Ik had er nog nooit van gehoord. Er blijkt dus een discussie te zijn onder onderzoekers over de vraag of er binnen de groep hoogbegaafden een nadere specificatie moet komen voor mensen die heel erg ‘slim’ zijn. Zij hebben een IQ van minimaal drie standaarddeviaties boven het gemiddelde (IQ ≥ 145), terwijl dat van de reguliere hoogbegaafden twee standaarddeviaties boven het gemiddelde (≥ 130) ligt. Ik kom ook de term exceptioneel begaafd of geniaal tegen; dat zijn mensen met een IQ van 160 of meer. Overigens haasten onderzoekers en hulpverleners zich om te stellen dat hoogbegaafdheid niet hetzelfde is als IQ.
Belangrijker wellicht is de vraag: waarom die aandacht voor de hoogte van het IQ. Is dit een gevolg van het Flynn-effect? U weet wel het feit dat de gemiddelde score op een intelligentietest stijgt met de jaren. Als inmiddels een aanzienlijk groter deel van de mensen hoogbegaafd test (geen 2,5 maar 3 of 4% van de bevolking), dan wordt het onderscheid groter met de groep die hyperbegaafd scoort (ca. 0,2%).

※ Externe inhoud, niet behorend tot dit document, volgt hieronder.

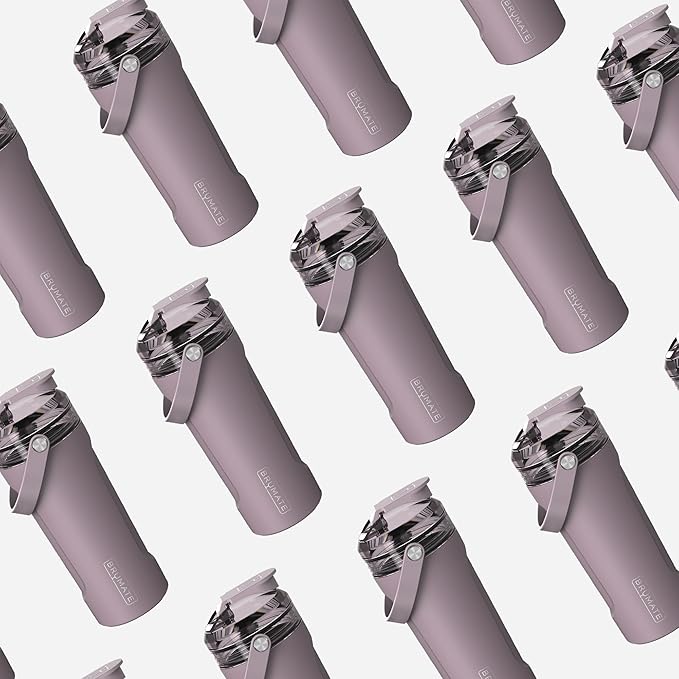 BrüMate MultiShaker Blender Shaker Bottle | 100% Leakproof Insulated Stainless Steel Shaker Bottle | Protein Shaker Bottle, and Pre Workout Bottle for the Gym | 26oz (Lilac Dusk)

Waarover ik me blijf verbazen, is dat er in onze hypergeïndividualiseerde samenleving nood is aan een onderscheid in groepen om aandacht te krijgen voor de individuele mens of leerling. Ook nu lijkt het erop dat er pas ‘echte’ actie wordt ondernomen als een leerling een erkend label heeft. Waar zagen we dit ook alweer eerder? Inderdaad bij leesproblemen; alleen met een dyslexieverklaring kan een leerling hulp krijgen. Elke leerling is uniek, maar wel pas als deze in een hokje past.